Da un altro lato della costruzione, leggermente più distante, c’è un altro recinto con cinque leoni. Durante il nostro lavoro anche loro si sono avvicinati alla rete e si sono seduti a guardarci. A differenza dei leopardi che si muovevano avanti e indietro, questi sono tutti seduti in fila (anzi sdraiati), come se fossero al cinema. E noi siamo il loro film, anzi, come ha commentato qualcuno, noi siamo il loro reality show.
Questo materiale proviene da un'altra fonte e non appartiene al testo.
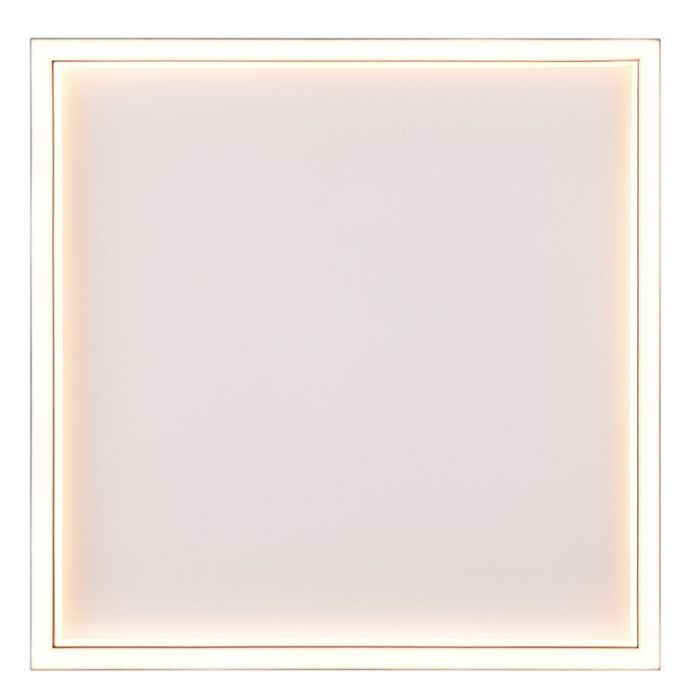Lampe plafond design noire, Gilbert, 20W, 3000K LED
Faccio qualche foto ai leoni messi così in fila, ma non credo che verrà molto bene, nel frattempo il cielo si è riempito di nuvole ed è diventato scuro. Sembra che la pioggia sia imminente. Non abbiamo neanche modo di finire il nostro lavoro, infatti poco dopo arriva una pioggia torrenziale, una vera bufera. La visitor house, che è aperta su tre lati, non offre la minima protezione dalla pioggia che, spinta dal vento, entra da tutte le parti. In meno di un minuto, nonostante il tetto sopra la testa, siamo bagnati fradici, e siamo costretti a rifugiarci in auto. Torniamo di corsa al campo base.
In serata, cena a base di riso bianco e chili con carne (buono e piccante il giusto). Mentre ceniamo, come ogni sera, Lozanne scrive sulla lavagna il programma di domani. Continueremo a pitturare la vistor house. Non mi piace pitturare, lo dico chiaramente che vorrei fare altro, qualsiasi altra cosa. Per me andrebbe bene anche entrare nel recinto con i leoni e pulirgli i denti con lo spazzolino piuttosto che pitturare. A quest’ultima affermazione scoppiano tutti quanti a ridere come matti, come se fosse chissà quale battuta. Si, era una battuta, ma in fondo non così divertente. In ogni caso, domani mi tocca continuare a pitturare. Vado a dormire.